Right before the new year, Another Round podcast host and writer Tracy Clayton tweeted:
there are so many things i want for 2017 and i believe in speaking things into existence so im gonna use this thread to do that— Tracy Clayton (@brokeymcpoverty) December 28, 2016
What followed were 30 tweets about the things Tracy wants when it comes to family, relationships, work and finances. Some were funny ("I want some real fucking grown up furniture!") and others were serious ("I want to do the hard work of reconciling my past relationships so that I can prep myself for the partner and kids I'm scared to admit I want"). I watched her tweets coming down my feed in real time—and thought what she was doing was really brave.

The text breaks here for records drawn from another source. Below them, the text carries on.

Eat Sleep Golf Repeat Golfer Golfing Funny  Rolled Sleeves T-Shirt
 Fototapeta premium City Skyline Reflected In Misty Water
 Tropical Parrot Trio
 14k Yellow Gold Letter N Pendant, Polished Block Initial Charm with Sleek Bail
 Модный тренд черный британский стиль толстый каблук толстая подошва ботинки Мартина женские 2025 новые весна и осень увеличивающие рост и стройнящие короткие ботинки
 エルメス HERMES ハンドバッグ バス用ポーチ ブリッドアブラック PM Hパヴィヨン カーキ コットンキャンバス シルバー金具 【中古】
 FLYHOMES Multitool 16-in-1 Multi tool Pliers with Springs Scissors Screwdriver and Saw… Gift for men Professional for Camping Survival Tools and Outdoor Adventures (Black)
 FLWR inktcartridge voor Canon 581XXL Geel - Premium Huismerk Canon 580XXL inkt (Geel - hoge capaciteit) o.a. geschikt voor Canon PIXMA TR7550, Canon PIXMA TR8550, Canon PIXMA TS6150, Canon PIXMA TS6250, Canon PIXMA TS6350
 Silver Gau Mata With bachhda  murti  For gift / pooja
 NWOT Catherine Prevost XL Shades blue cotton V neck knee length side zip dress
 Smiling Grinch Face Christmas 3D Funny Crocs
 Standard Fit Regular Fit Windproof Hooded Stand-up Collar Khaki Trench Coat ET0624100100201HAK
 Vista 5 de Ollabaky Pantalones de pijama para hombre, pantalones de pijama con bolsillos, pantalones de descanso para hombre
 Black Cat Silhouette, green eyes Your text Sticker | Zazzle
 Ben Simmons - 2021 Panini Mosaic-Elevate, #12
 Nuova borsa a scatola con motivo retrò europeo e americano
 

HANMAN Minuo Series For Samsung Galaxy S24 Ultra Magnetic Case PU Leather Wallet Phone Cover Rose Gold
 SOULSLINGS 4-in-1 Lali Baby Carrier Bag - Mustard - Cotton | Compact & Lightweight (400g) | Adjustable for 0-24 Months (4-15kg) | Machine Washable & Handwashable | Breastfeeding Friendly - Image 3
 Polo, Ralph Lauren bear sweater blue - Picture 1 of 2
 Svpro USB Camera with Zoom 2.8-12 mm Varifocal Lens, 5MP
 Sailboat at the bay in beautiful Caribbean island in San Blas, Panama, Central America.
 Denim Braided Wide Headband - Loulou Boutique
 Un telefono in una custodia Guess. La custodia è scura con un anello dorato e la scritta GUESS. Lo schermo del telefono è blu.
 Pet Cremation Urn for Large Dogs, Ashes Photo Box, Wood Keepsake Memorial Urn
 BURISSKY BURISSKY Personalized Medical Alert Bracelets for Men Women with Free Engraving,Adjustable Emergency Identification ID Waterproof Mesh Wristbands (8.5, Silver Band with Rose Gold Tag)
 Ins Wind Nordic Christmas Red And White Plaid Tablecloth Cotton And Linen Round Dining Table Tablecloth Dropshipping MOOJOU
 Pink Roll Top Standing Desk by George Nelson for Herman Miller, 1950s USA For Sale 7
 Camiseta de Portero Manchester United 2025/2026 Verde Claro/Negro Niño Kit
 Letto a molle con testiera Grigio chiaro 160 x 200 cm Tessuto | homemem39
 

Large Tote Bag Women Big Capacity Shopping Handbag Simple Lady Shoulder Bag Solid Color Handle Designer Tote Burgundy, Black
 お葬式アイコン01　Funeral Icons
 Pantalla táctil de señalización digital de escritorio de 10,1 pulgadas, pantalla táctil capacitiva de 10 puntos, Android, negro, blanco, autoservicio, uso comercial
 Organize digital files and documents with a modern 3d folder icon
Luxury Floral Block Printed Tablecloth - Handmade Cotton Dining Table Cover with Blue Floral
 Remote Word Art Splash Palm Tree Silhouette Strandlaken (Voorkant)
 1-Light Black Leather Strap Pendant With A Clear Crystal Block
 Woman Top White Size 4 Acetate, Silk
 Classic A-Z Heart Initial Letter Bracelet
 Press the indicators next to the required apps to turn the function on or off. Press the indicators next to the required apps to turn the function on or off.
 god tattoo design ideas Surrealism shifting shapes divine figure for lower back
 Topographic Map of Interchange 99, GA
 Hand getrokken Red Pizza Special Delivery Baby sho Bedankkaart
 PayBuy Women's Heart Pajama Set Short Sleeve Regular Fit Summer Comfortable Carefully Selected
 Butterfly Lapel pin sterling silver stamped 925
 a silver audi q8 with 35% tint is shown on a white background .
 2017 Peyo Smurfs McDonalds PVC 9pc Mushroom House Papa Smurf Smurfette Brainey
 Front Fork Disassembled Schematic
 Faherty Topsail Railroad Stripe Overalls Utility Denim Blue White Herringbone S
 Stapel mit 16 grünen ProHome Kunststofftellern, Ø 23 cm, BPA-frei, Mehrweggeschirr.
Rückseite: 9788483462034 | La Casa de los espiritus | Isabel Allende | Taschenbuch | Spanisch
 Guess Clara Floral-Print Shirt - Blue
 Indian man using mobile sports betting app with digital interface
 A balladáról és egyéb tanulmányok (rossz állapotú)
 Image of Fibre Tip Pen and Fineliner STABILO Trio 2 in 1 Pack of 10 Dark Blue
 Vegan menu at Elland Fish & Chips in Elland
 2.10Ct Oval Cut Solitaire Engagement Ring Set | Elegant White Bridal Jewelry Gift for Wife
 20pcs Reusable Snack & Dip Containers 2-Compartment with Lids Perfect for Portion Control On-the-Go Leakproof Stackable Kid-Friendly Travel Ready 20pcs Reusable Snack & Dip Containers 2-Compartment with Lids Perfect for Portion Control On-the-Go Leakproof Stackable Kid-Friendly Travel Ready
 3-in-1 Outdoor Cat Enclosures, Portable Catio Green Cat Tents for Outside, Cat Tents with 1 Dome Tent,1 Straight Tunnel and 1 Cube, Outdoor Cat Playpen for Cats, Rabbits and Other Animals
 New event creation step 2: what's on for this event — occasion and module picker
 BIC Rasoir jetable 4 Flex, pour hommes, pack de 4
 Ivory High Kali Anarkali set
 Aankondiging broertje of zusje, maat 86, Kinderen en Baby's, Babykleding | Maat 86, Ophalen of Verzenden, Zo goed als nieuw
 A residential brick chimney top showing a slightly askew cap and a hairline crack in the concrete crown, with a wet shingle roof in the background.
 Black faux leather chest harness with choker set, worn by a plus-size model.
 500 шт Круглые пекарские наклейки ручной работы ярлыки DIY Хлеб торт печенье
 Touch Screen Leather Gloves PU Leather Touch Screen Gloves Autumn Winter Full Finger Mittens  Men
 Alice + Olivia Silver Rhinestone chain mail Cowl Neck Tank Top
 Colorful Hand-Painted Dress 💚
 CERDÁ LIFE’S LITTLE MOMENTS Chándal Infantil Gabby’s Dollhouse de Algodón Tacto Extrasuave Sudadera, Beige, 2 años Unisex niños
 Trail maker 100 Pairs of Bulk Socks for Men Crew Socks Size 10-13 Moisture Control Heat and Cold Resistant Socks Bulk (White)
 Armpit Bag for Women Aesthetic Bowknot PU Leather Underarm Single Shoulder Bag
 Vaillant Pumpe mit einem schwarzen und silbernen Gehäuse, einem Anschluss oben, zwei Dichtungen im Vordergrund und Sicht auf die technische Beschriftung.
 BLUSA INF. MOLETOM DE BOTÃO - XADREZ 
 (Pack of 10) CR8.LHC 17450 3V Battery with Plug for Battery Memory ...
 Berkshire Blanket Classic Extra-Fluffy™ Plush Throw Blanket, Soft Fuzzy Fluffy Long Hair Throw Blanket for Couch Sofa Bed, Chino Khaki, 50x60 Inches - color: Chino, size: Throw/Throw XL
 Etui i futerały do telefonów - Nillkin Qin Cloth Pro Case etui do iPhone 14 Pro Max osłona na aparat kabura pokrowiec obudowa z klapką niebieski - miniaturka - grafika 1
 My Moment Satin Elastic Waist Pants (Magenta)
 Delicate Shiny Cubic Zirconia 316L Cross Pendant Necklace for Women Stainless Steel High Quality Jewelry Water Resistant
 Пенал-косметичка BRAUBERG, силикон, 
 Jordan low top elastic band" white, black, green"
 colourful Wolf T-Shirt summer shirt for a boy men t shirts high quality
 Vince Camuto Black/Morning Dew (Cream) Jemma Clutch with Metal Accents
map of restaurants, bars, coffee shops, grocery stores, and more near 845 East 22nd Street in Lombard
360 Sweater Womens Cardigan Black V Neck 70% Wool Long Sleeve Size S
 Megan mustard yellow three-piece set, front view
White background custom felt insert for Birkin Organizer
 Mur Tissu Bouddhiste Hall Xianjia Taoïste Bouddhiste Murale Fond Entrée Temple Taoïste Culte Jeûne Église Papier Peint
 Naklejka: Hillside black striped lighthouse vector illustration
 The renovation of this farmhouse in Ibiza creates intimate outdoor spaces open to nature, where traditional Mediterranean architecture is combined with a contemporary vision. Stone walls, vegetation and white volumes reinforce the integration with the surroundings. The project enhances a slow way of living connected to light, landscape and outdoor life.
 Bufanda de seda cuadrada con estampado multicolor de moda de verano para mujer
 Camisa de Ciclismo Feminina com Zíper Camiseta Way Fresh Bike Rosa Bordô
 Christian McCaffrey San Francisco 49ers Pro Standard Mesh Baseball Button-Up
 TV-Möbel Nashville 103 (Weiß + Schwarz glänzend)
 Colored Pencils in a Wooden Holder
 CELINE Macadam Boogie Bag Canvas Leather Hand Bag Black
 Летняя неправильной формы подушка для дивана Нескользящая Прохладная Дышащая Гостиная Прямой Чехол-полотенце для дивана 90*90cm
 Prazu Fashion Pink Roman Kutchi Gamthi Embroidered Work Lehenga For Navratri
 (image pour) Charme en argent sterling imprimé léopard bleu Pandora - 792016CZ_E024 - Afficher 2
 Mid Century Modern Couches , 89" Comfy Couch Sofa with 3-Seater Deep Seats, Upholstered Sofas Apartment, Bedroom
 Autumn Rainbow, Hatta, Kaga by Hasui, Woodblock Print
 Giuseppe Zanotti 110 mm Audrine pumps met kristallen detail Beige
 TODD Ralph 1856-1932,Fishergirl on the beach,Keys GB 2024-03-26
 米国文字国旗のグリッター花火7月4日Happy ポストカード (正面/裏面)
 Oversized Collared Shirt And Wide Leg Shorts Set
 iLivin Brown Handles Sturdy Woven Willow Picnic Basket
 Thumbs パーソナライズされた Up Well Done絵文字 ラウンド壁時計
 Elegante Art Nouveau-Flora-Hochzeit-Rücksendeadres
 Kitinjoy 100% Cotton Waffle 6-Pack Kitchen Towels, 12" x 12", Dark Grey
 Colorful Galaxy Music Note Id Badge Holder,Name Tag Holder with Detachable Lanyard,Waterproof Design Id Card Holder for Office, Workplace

I wanted to talk with Tracy about what inspired her goal-setting outburst, and about the things she wants for her 2017. "I feel like I've been in transition for a really long time," she told me. "I don't feel like both of my feet are planted firmly on the ground." At 34, Tracy's been in New York for less than three years—and has had a hugely successful career rise during that time. But, she says, "I didn't feel like the rest of my life reflected that same sort of success or happiness." Tracy says she hopes that by announcing her goals to the world rather than keeping them to herself, she'll be held accountable. "I’m very used to letting myself down," she said. "I’m much more afraid of letting other people down."
Tracy's already started knocking things off of her 2017 to-do list. She opened her first-ever savings account just a few days into the new year. She got drunk with her relatives for the first time over the holidays, "giving myself permission to be a grown-ass woman around my family." And, she's gearing herself up to take on some of the bigger challenges—like finding a partner. "I don’t do very well with actually tying up loose ends once those ends become loose," she told me about her past relationships. "And now I’m like, okay, Trace, if you never ever ever fix it and wade through this uncomfortable-ass box, then you know, sure, you’ll probably be fine, but what if you could be more than fine? What if you could be happy? Wouldn’t that be cool?"